Alcohol liver disease occurs when diseases affect the liver as a result of chronic alcohol consumption. This liver disease progresses from fatty infiltration to hepatitis then to cirrhosis. Studies reveal that alcohol consumption may cause from 20% to 50% cirrhosis of the liver, epilepsy, poisonings, road traffic accidents, violence and several types of cancer. Alcohol liver disease has three prevalent types which are fatty liver, alcohol hepatitis and alcohol cirrhosis.
It is a build-up of fat in the liver. This is not to say that fat is not present in the liver but an excess can become a health problem. The liver carries out lots of functions in the body. Some of which include metabolism or breakdown of food and drink. In addition, it helps to filter away harmful substances from the blood. This process becomes interrupted if too much fat is in the liver. Fatty liver is a reversible condition that lifestyle modifications can resolve. Fatty liver affects around 10 to 20 percent of Americans without cirrhosis or inflammation. Most cases of fatty liver are diagnosed in people between ages 40 and 60, according to the American Liver Foundation. There are no symptoms at this stage although the liver can get enlarge causing upper abdominal discomfort.

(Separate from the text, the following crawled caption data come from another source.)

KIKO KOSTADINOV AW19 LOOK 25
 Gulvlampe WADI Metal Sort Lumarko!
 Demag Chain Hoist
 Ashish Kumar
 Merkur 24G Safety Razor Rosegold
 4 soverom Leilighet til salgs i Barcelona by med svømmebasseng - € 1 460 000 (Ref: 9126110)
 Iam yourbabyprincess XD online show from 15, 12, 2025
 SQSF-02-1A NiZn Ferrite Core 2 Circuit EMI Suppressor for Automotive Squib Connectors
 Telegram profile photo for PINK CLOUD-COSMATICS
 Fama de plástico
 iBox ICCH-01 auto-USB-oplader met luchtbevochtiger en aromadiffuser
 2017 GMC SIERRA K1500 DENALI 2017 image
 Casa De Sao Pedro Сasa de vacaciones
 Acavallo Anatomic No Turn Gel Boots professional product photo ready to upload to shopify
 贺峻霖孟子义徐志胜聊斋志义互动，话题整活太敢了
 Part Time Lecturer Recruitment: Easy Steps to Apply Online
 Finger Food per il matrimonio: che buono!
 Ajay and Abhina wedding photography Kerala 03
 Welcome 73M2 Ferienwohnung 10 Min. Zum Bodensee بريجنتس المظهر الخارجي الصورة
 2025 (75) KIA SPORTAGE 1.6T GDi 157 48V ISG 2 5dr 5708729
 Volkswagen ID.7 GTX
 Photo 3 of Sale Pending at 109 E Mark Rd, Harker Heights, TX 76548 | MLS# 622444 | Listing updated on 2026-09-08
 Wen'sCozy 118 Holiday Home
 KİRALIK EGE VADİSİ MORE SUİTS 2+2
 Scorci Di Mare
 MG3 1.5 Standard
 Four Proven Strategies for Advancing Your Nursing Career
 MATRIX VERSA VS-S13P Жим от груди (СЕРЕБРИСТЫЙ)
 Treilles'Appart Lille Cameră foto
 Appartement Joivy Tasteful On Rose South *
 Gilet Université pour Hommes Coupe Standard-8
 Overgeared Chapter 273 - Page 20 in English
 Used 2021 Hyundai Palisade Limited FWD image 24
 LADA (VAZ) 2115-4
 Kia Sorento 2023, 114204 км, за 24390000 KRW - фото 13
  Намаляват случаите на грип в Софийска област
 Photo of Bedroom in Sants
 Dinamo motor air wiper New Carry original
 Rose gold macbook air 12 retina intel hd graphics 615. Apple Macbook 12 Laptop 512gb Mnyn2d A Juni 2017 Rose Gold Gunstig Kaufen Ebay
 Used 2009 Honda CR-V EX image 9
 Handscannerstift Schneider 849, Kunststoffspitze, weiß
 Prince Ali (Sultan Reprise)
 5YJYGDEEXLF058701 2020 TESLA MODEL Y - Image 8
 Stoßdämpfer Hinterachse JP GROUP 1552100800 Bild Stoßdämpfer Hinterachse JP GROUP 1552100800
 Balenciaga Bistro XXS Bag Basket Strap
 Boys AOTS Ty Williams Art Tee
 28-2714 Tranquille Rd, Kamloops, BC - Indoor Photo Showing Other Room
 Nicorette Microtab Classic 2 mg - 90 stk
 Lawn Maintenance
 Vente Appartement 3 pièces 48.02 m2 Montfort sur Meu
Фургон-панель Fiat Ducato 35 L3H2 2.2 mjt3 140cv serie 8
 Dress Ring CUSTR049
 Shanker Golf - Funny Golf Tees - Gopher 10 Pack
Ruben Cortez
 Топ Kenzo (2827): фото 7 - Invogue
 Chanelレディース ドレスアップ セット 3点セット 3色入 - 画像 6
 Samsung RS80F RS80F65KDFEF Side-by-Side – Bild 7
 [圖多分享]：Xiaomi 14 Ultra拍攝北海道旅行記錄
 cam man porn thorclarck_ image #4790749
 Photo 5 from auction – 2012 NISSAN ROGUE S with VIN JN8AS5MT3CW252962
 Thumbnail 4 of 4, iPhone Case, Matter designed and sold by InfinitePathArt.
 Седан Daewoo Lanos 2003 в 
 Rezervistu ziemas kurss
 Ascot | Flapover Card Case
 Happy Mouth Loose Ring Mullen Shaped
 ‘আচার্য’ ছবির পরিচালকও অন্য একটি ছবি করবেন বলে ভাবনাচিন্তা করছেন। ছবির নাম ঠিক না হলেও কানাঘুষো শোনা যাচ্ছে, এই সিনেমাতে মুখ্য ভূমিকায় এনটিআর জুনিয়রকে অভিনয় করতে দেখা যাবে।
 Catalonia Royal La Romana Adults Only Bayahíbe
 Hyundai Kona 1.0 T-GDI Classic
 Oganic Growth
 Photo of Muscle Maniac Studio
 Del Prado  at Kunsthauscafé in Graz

This is inflammation of the liver caused by chronic alcohol intake. It can progressively lead to degenerative changes in the cells and replacement of the liver cells with scar tissues (fibrosis). The rate of mortality in severe cases is about 50 percent. If heavy drinking continues, about 40 percent of cases of alcoholic hepatitis will develop into cirrhosis. Symptoms of hepatitis include fever, jaundice, nausea, vomiting, abdominal pain and tenderness.
This is the progressive condition of the liver after chronic inflammatory processes (hepatitis). It is the most serious form of Alcohol Liver Disease and a cause of many deaths and serious illnesses.
In cirrhosis, scar tissue replaces normal liver tissue, thereby disrupting blood flow through the liver and preventing it from working properly. About 10 percent to 15 percent of people with alcoholism develop cirrhosis but many survive it. Many are unaware that they have it and about 30 percent to 40 percent of cirrhosis cases are discovered at autopsy (Anand 1999).
The 5 year survival rate for people with cirrhosis who stop drinking is about 90 percent, compared with 70 percent of those who do not stop drinking. Symptoms of liver cirrhosis includes: weight loss, loss of appetite, jaundice(yellowing ), liver enlargement and accumulation of fluid in the abdomen (ascites). Others are high blood pressure in the liver (portal hypertension), bleeding from veins in the oesophagus (oesophageal varices), behaviour changes and mental confusion and enlarged spleen.
Treatment of Alcohol Liver Disease
This is a major intervention to stopping alcohol-related diseases and preventing it from becoming worse. It is important to discuss treatment options with your healthcare provide. These can include counselling and medications. It can be dangerous to stop drinking alcohol suddenly. This can cause a rapid reduction in alcohol and can lead to withdrawal symptoms including anxiety, agitation, hallucinations and seizures. If you are physically addicted to alcohol, medical supervision in a detoxification (or detox) program will help to safely reduce your alcohol levels.
Weight loss is a common sign in alcoholics due to breakdown of alcohol in the body. Doctors recommend special diets, nutritional supplements which will provide nutrient and minerals that the body needs. Consuming balanced meals can help correct malnutrition.
Depending on the severity of the disease especially in hepatitis, medications like corticosteroids and pentoxifylline are useful to reduce inflammatory processes e.g. steroid prednisolone.
Doctors carry out liver transplant out in extreme cases of liver cirrhosis. Ordinarily, the liver replaces its worn cells. However, if unable to do so as a result of scarring of the liver cells, a liver transplant might be an option to consider.